§ **Information supplied**:
BEGIN
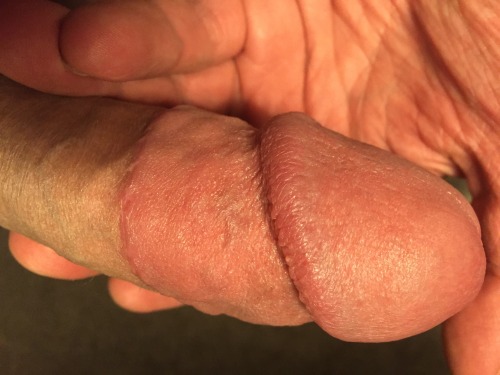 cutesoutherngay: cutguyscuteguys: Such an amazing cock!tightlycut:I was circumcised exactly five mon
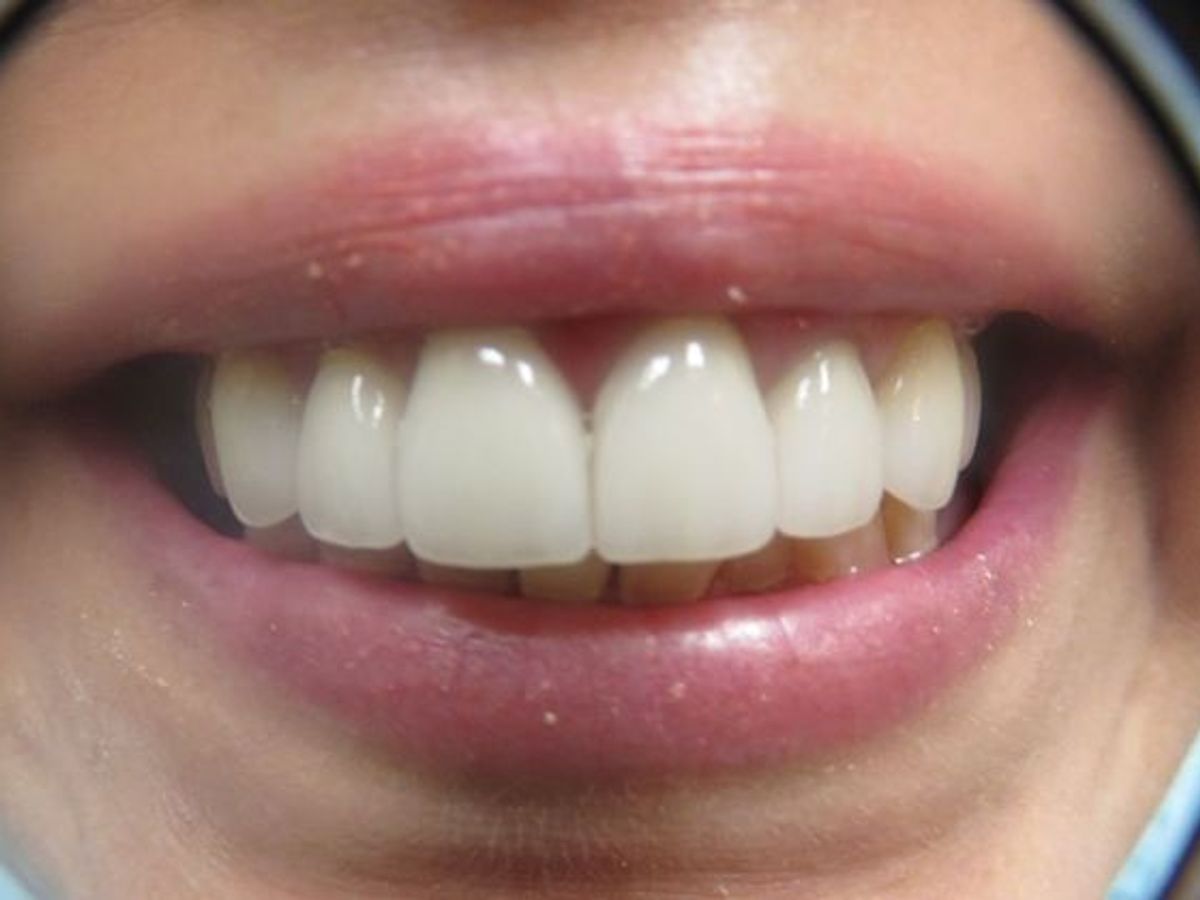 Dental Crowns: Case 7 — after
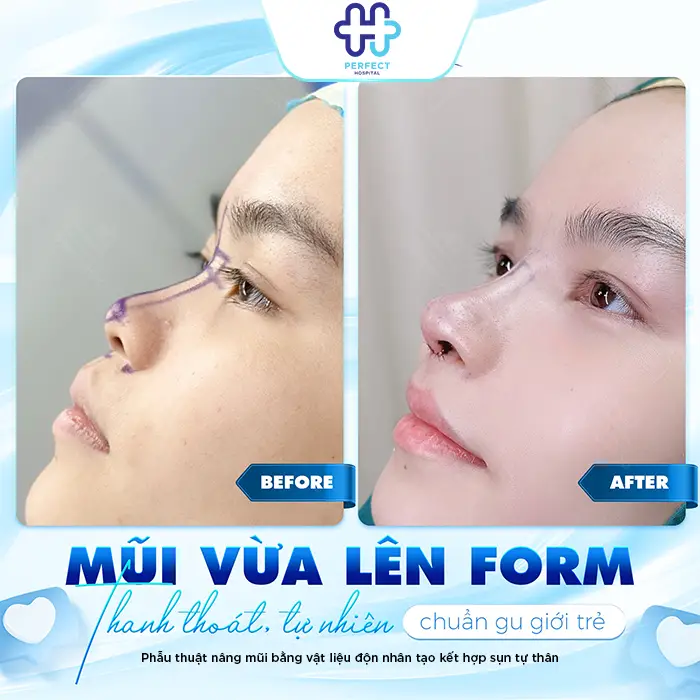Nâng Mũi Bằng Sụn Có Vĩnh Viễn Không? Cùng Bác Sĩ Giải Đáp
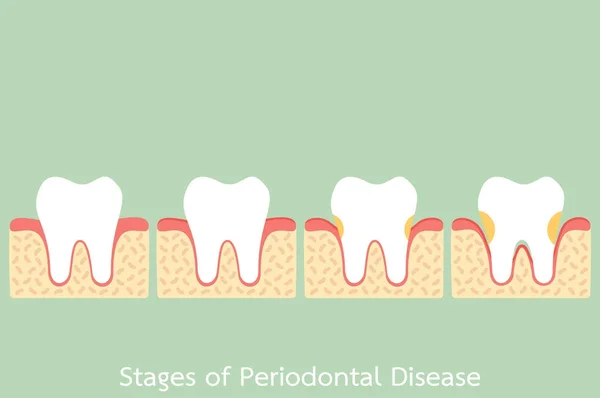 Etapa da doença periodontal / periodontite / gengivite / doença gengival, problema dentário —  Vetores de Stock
END
BEGIN
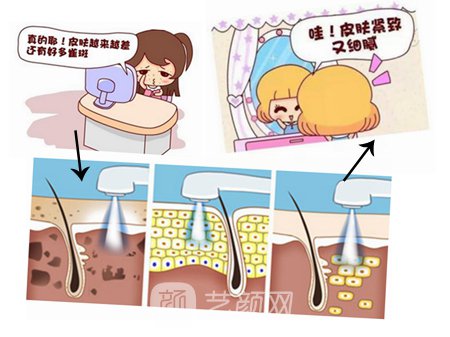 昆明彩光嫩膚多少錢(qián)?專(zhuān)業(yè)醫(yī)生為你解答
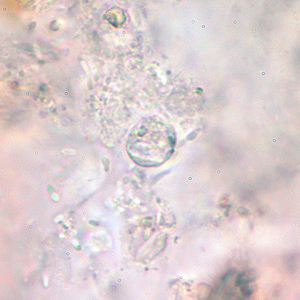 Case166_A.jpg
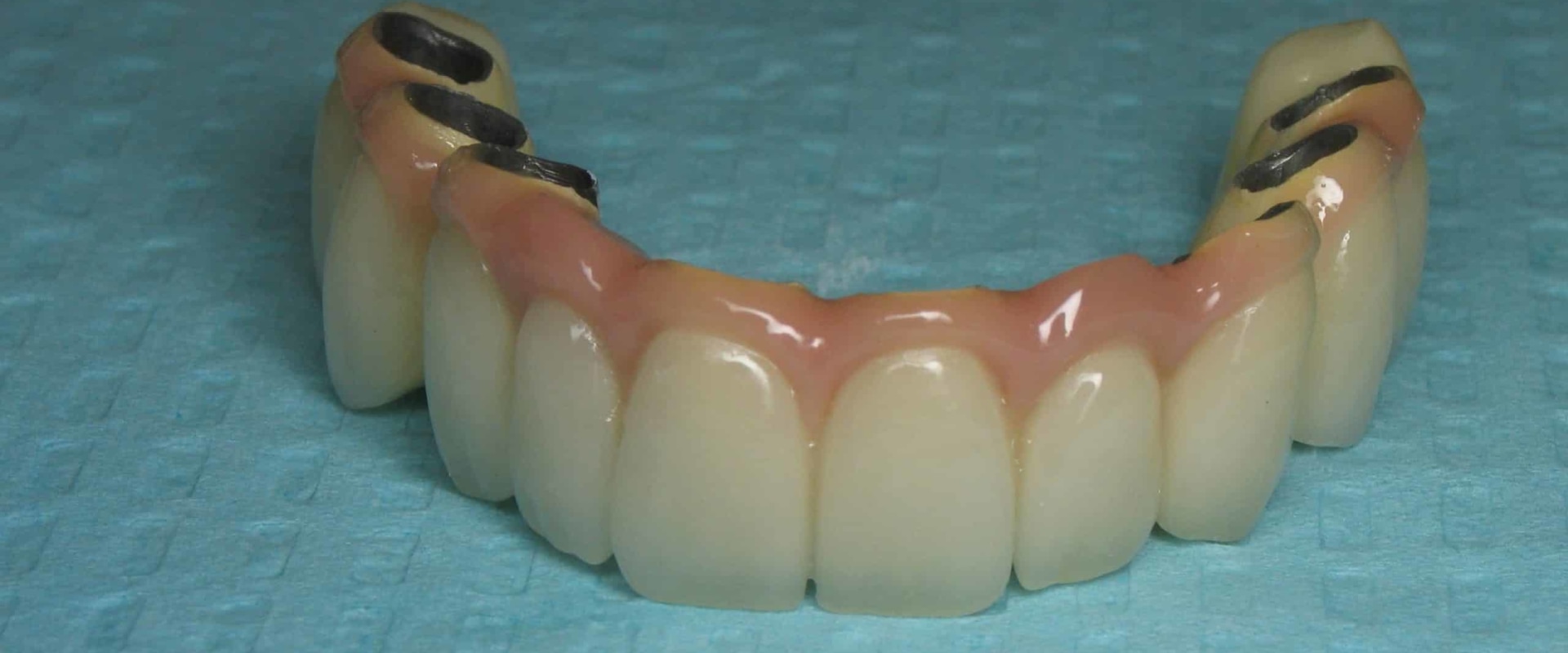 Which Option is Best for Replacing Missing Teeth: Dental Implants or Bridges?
END
§ **Directions for this task**: Above are the records; copy exactly the lines from the one with "cutesoutherngay: cutguyscuteguys: Such" through the one with "Nâng Mũi Bằng", including both, and nothing more. Leave out pictures.

§ **Output of the task**:
 cutesoutherngay: cutguyscuteguys: Such an amazing cock!tightlycut:I was circumcised exactly five mon
 Dental Crowns: Case 7 — after
Nâng Mũi Bằng Sụn Có Vĩnh Viễn Không? Cùng Bác Sĩ Giải Đáp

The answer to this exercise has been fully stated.